EXERCISE GOAL
Starting with the line in which "Boxbett OTTO HOME" appears, give back every line exactly as written until the listing ends, excluding pictures.
*** Block opens ***
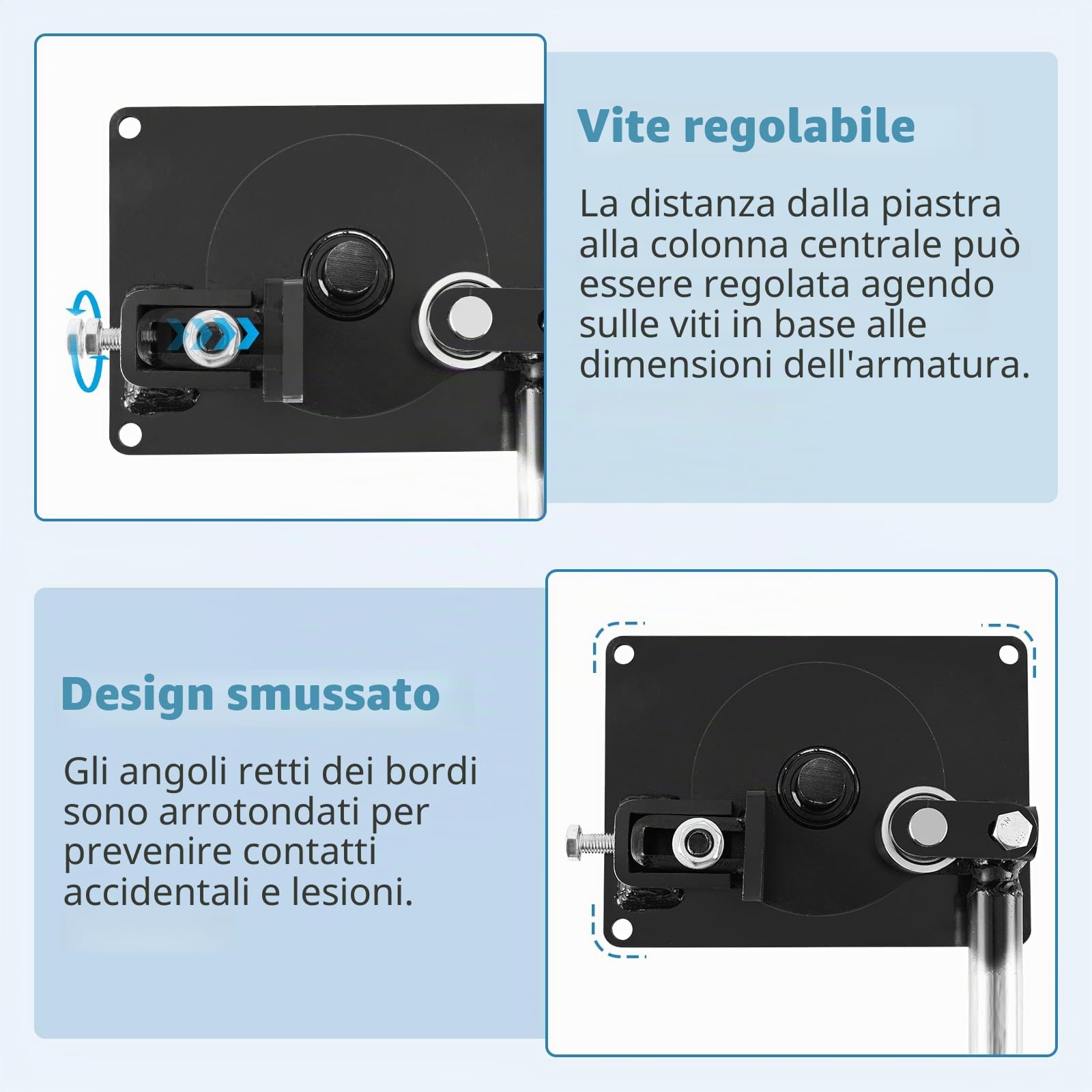 MXBAOHENG Piega Tondini Ferro per Edilizia 1-16mm Piegaferro Manuale Armato Strumento di Piegatura Asta Manuale Barra in Acciaio Bender Costruzione per acciaio rotondo/acciaio di rinforzo/ferro piatto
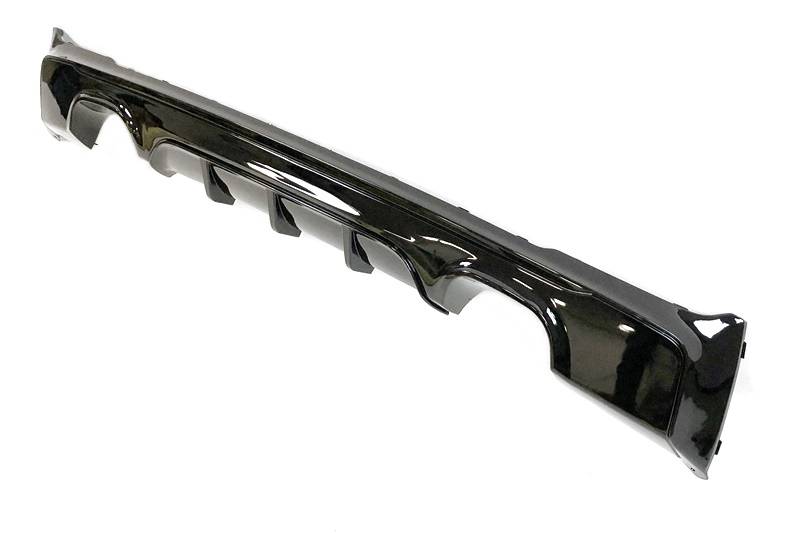 Diffusore Posteriore BMW F22 / F23 14-19 2 Scarico Nero lucido BMW F22 / F23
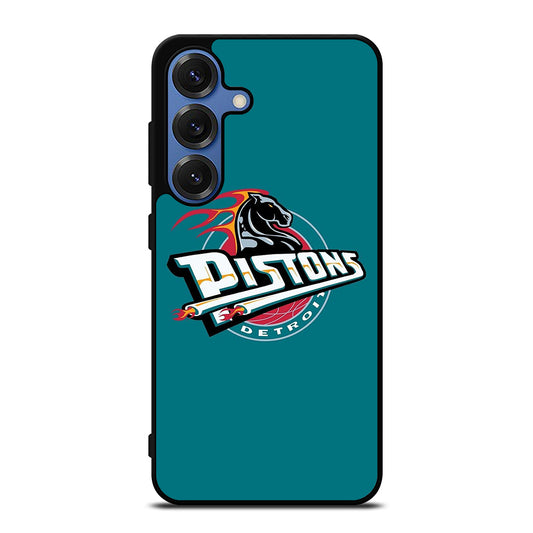 DETROIT PISTONS LOGO BASKETBALL Samsung Galaxy S25 Case Cover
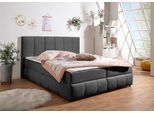 Boxbett OTTO HOME "Hartley inkl. Bettkasten und Topper, auch in Überlänge erhältlich", grau (anthrazit), B:192cm L:210cm, Komplettbetten, Boxbett, wahlweise mit Bonnell- oder TTFK-Matratze in H2, H3 o. H4 erhältlich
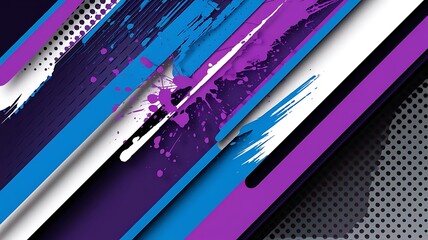 Modern Abstract Background with Diagonal Lines and Splatter Paint Effect for Business Use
*** Block closes ***
OUTPUT OF THE TASK
 Boxbett OTTO HOME "Hartley inkl. Bettkasten und Topper, auch in Überlänge erhältlich", grau (anthrazit), B:192cm L:210cm, Komplettbetten, Boxbett, wahlweise mit Bonnell- oder TTFK-Matratze in H2, H3 o. H4 erhältlich
 Modern Abstract Background with Diagonal Lines and Splatter Paint Effect for Business Use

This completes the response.